Georgia Theodora Hale (June 25, 1900 — June 17, 1985) was an actress of the silent movie era.

Career
Hale was Miss Chicago 1922 and competed in the Miss America Pageant. She began acting in the early 1920s, and achieved one of her most notable successes with her role in Charlie Chaplin's The Gold Rush (1925). She played Myrtle Wilson in the first filmed version (1926) of The Great Gatsby.

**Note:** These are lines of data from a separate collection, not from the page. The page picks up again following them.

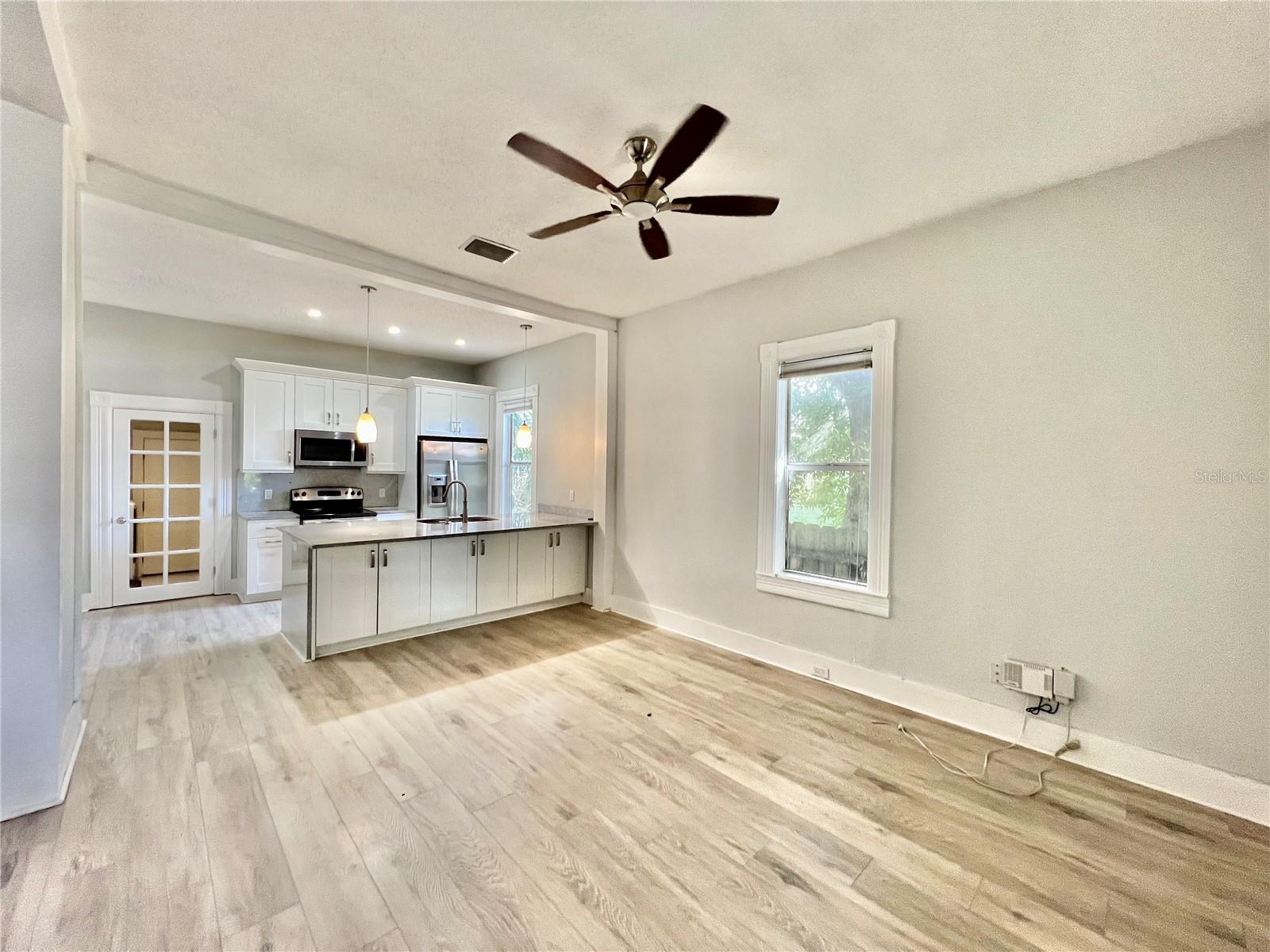 Image 8 of 25 For 111 Amelia Avenue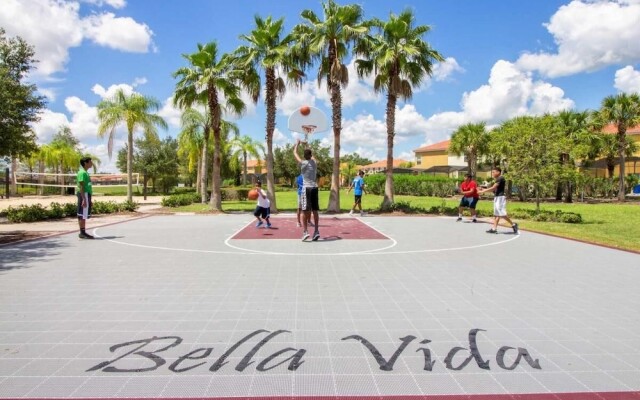 Lake View Getaway: Pool, Game Room, Theming!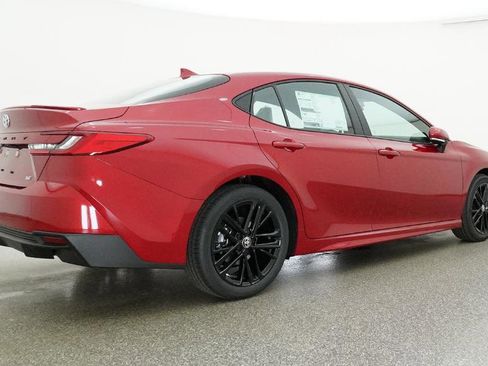 New 2026 Toyota Camry SE image 28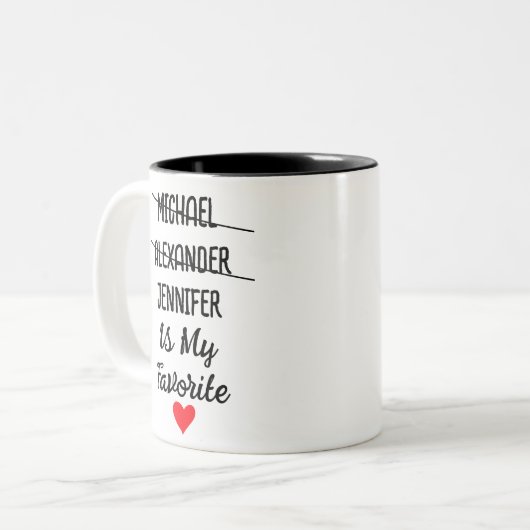 Lieblingskind mit Personalisierten 3 Namen Zweifarbige Tasse (Vorderseite Links)
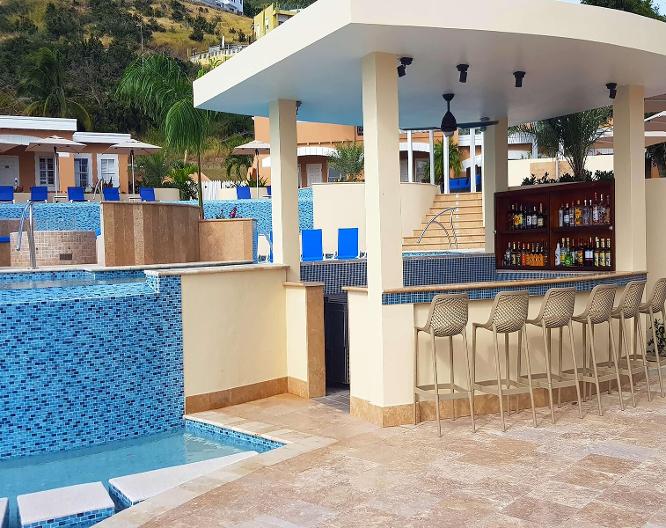 Divi Little Bay Beach Resort - Außenansicht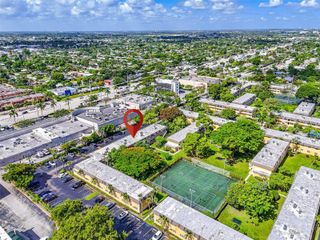 5168 NE 6th Avenue 416, Oakland Park, FL 33334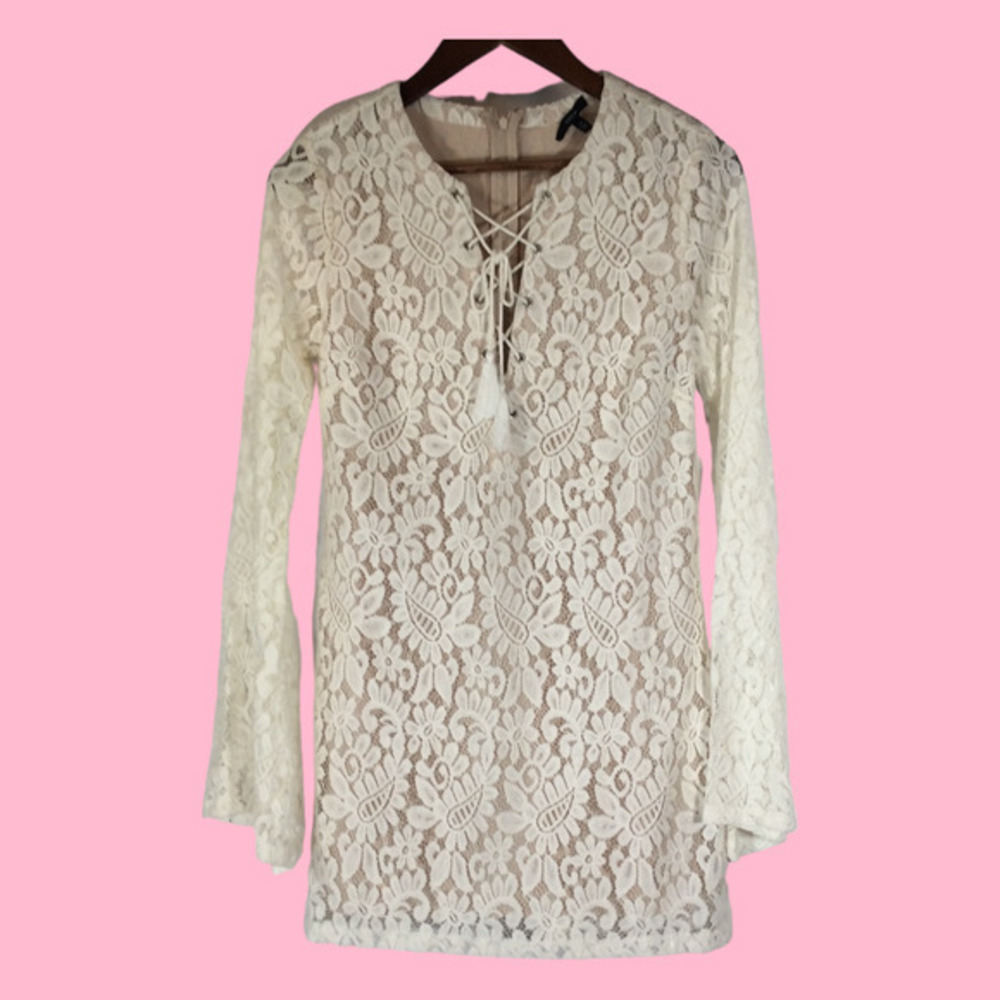 Drew Anthropologie Size Medium Cream Colored Lacey Dress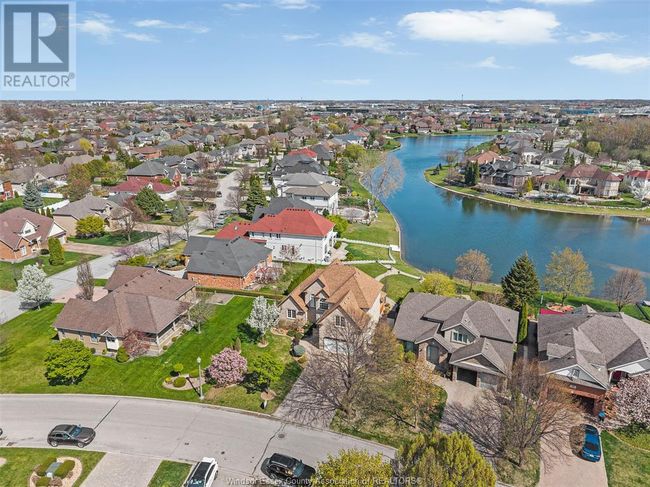 4520 Centre Lake Dr, House other with 5 bedrooms, 4 bathrooms and null parking in Windsor ON | Image 48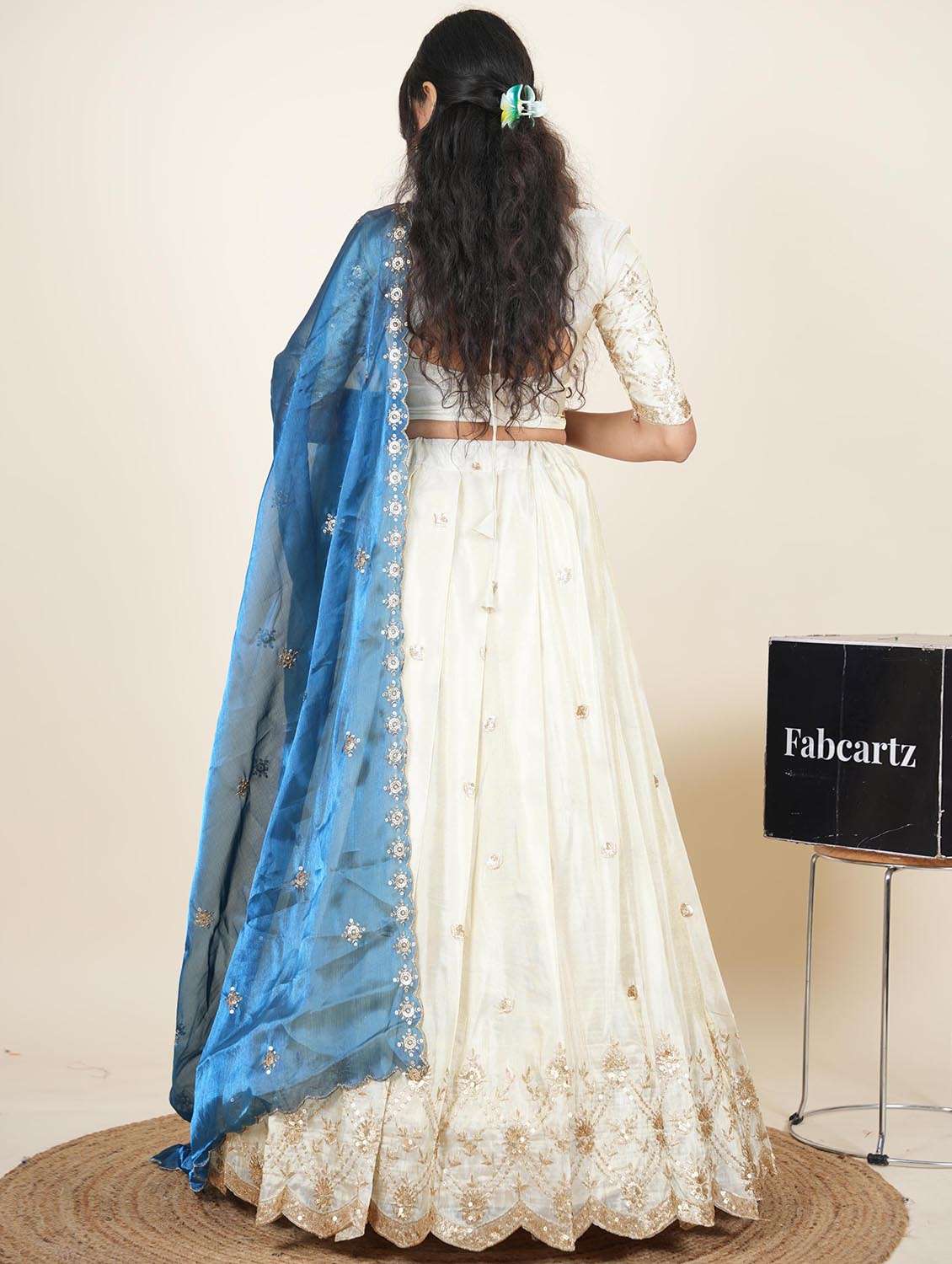 women solid with work semi-stitched flared lehenga - 22287098 -  Standard Image - 4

Chaplin cast Hale in his film based on her performance in The Salvation Hunters, which also came out in 1925. The Gold Rush temporarily made her a star, but she did not survive the transition from silent film to sound, and she only made one more film after 1928. The documentary Unknown Chaplin revealed that Hale was hired by Chaplin to replace actress Virginia Cherrill as the female lead in the film City Lights (1931) during a brief period after he had fired Cherrill (and before he re-hired her). Approximately seven minutes of test footage of Hale in the role survives; this is included in the DVD release of the film, and excerpts appear in Unknown Chaplin. The editor's introduction to Hale's memoir also reveals that she was Chaplin's original choice for the female lead in his film The Circus, a role eventually played by Merna Kennedy.

Personal life
Hale was a close companion of Chaplin in the late 1920s and early 1930s. She went on to teach dance, and later became wealthy through real estate investments in Southern California. She never married, but she lived with a male companion for the last 15 years of her life, and he received most of her estate upon her death on June 17, 1985.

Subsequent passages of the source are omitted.